### What to produce
Produce a word-for-word copy of the data that follows, excluding images.

### Information supplied
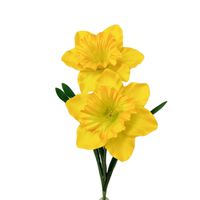 Żonkil żółto zielony pojedynczy x2 łodyga gumowana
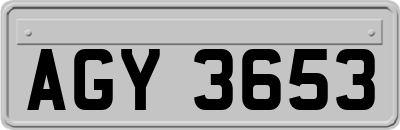 AGY3653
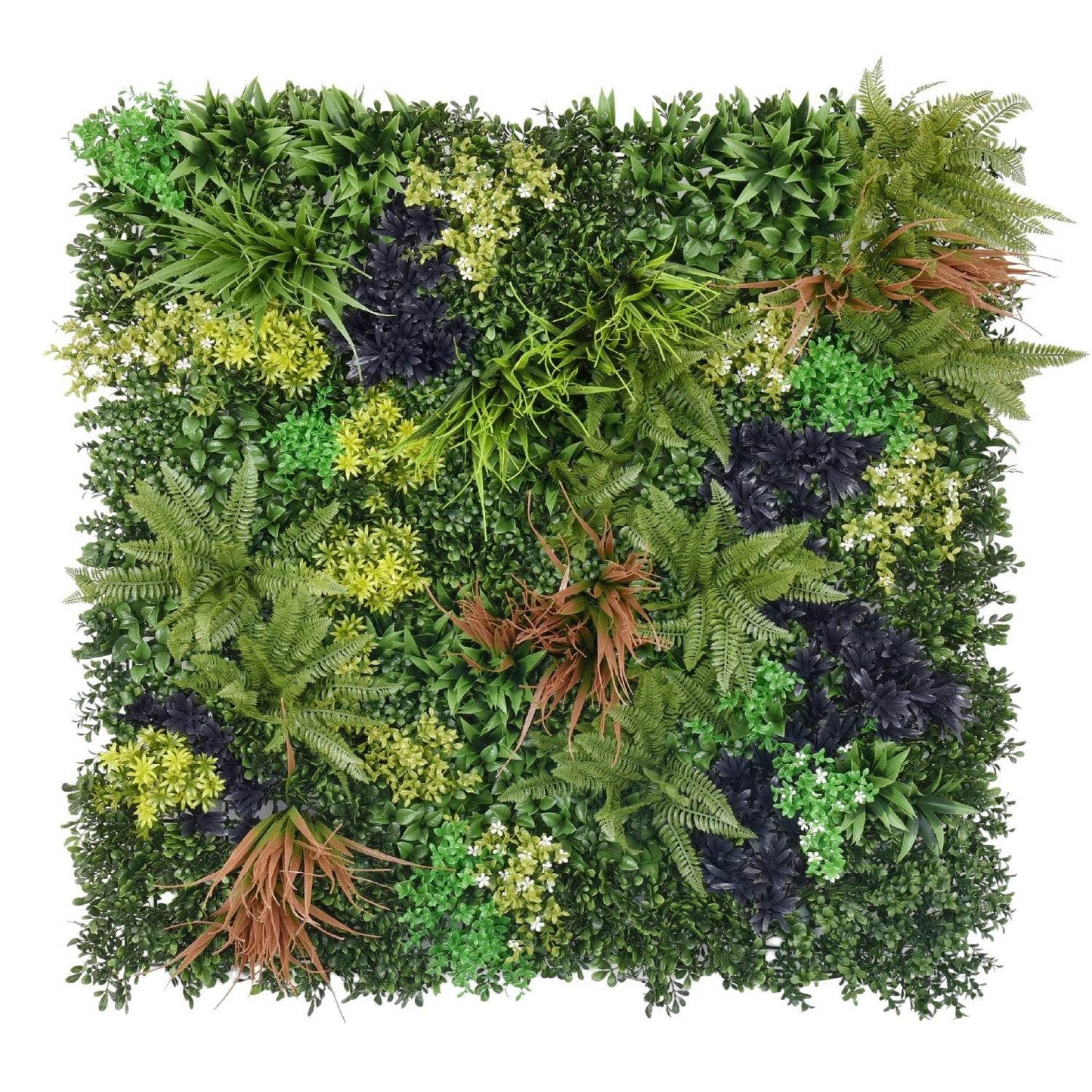 Jardin Vertical Natural - Play Plaza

### Solution for this task
 Żonkil żółto zielony pojedynczy x2 łodyga gumowana
 AGY3653
 Jardin Vertical Natural - Play Plaza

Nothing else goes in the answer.